● **GIVEN DATA**:
[Start of section]

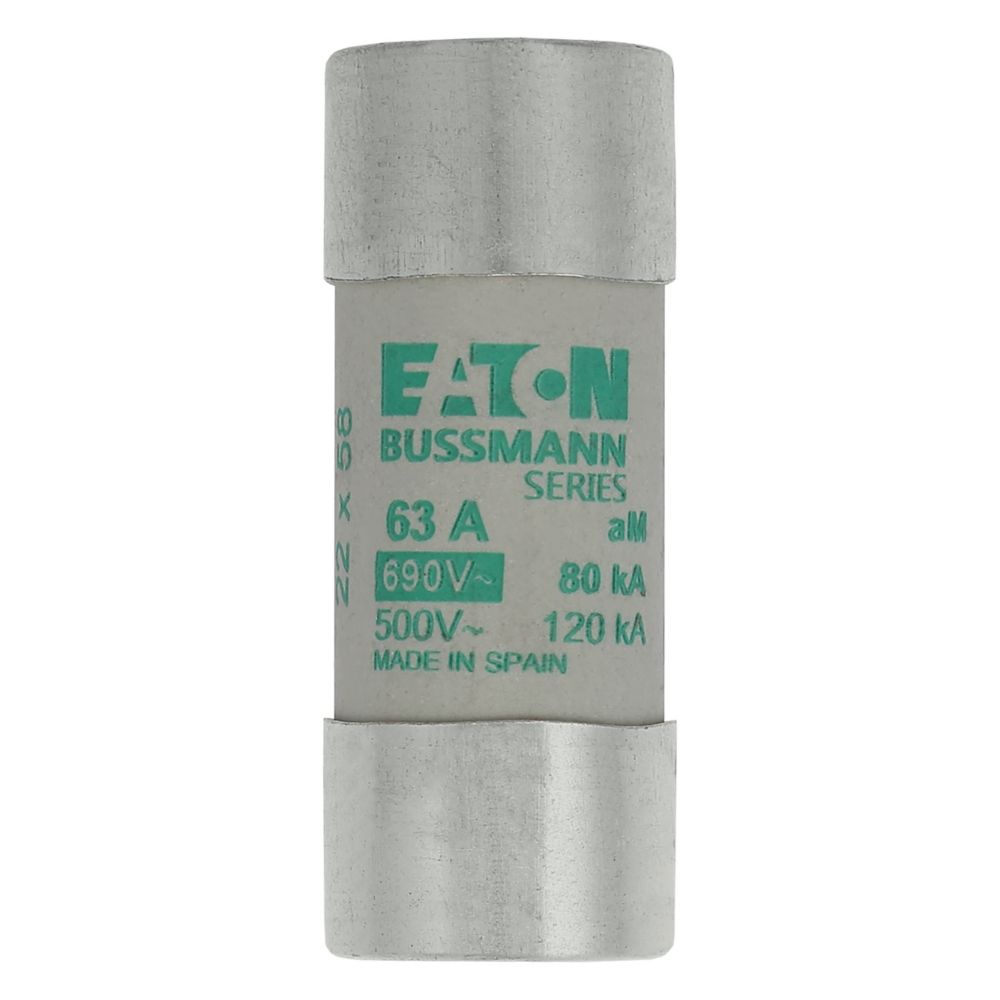 C22M63S CYL FUSE >STR >22 x 58 63A AM 690V AC, Eaton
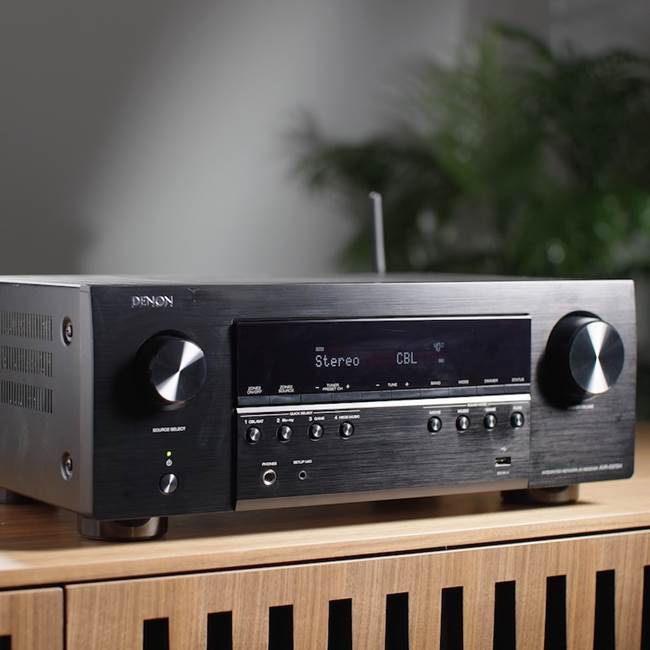 Denon AVR-S970H 7.2-channel home theater receiver with Dolby Atmos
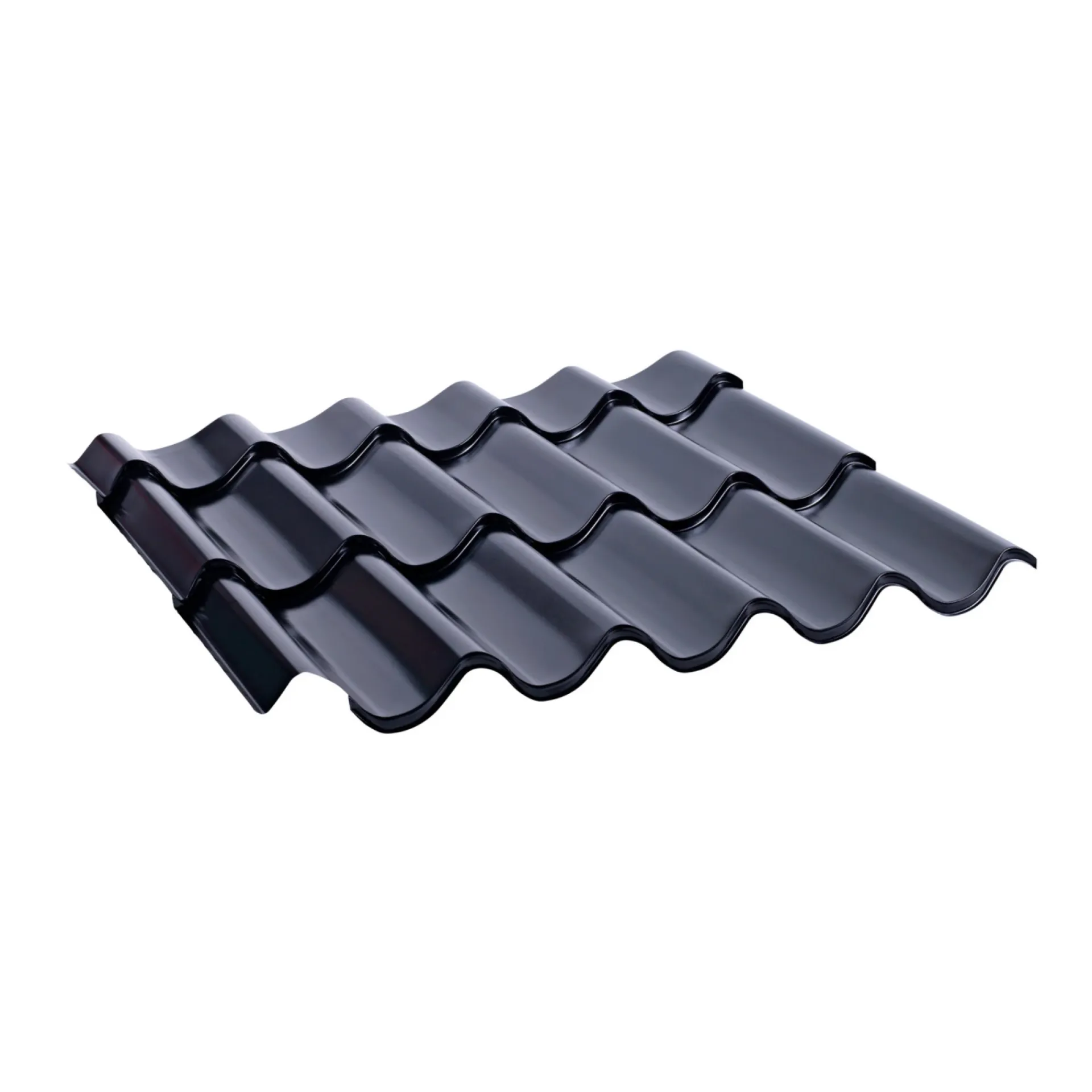 New Lindab TOPLINE 40 TAGPLADE SORT POLYESTER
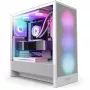 NZXT H5 Flow RGB 2024 Midi Tower -kotelo, valkoinen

[End of section]

● **THE PROBLEM**:
Leave the images out and transcribe the remaining data above word for word.

● **RESPONSE TO THE EXERCISE**:
 C22M63S CYL FUSE >STR >22 x 58 63A AM 690V AC, Eaton
 Denon AVR-S970H 7.2-channel home theater receiver with Dolby Atmos
 New Lindab TOPLINE 40 TAGPLADE SORT POLYESTER
 NZXT H5 Flow RGB 2024 Midi Tower -kotelo, valkoinen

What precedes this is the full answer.